But here I am, dating a child-less guy.

I wonder if your single dad has thought things through to the point where he ends up living with/married to a woman who wants to have a baby. Will he feel that that is unfair to his dd, or will he feel that that is different, since it is "his" kid? I understand that what he thinks isn't really relevant anymore, I'm just exploring this line of reasoning a bit. And I don't think that his reasoning is without merit -- when I was 12, my dad remarried to a woman who was a solo mom of a 15 yr old girl and I *did* think it was unfair that she got my dad 24/7 and I got him EOW -- he taught her to drive, but not me, for instance. I don't harbor anger or resentment about that now, but at the time I sure did.

Zeta, glad to hear things are going well! Congrats on the wedding plans!

Mumble, I'm sorry there was no chemistry, but perhaps it is just as well, with all the kid-complications in the air!

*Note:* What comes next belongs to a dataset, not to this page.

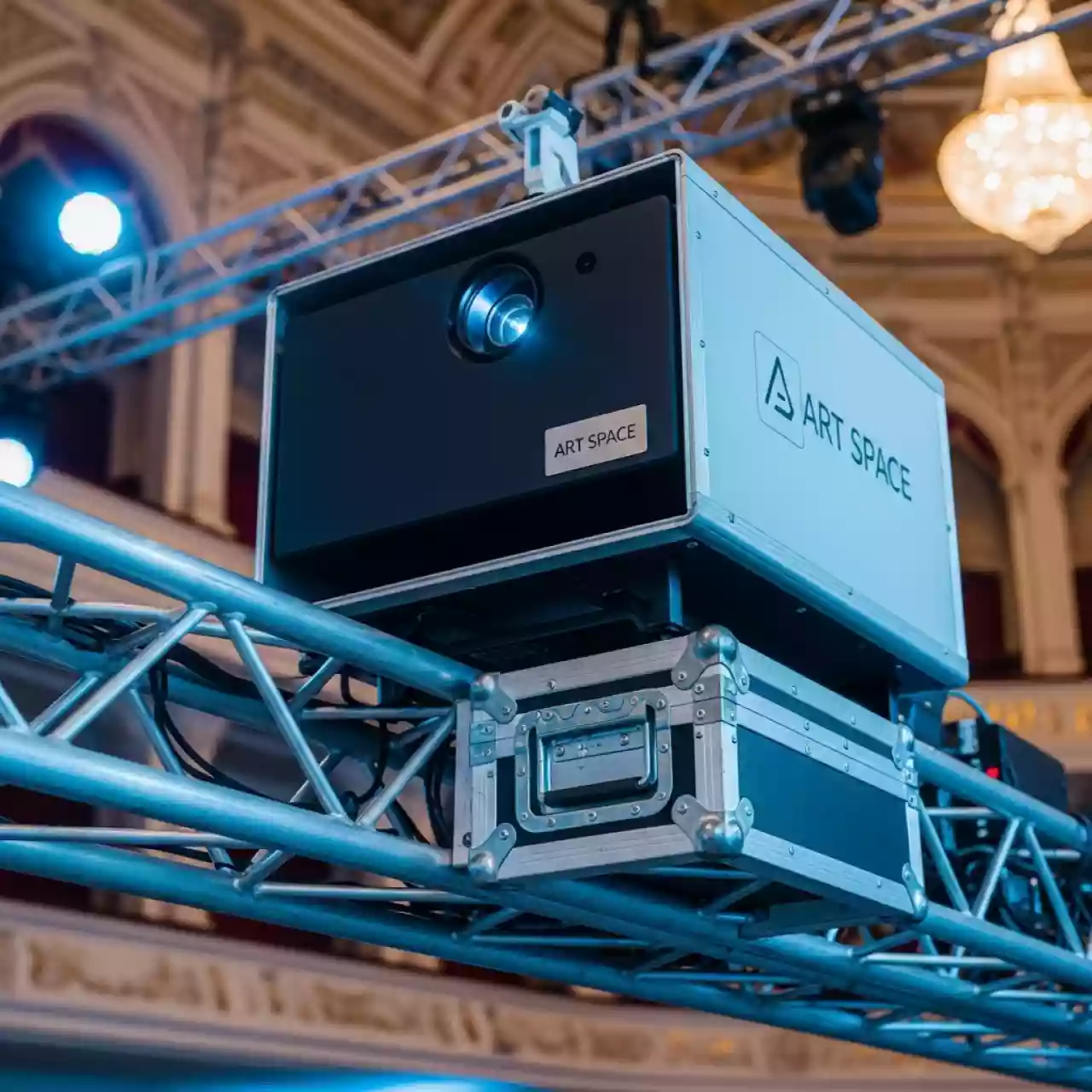 Аренда Проектор инсталляционный Barco XDM 4K25C в Зимнем театре — ART SPACE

Seie, I think things sound great. I do wonder, as well, if you have told him anything about LL, particularly about how recent and heartbreaking the break up was/is. Having been on the other side of that particular dynamic, and not having known, I would encourage you to let him know -- you dont' have to tell him the whole story, but imo, at this point, he should know that you had your heart broken, in the very near past, and are surprised to find yourself interested in someone else so soon, and are not sure how your heart will fare going forward, but that you really enjoy his company, like him a lot, blah blah. I think that is the best anyone can hope for anyway.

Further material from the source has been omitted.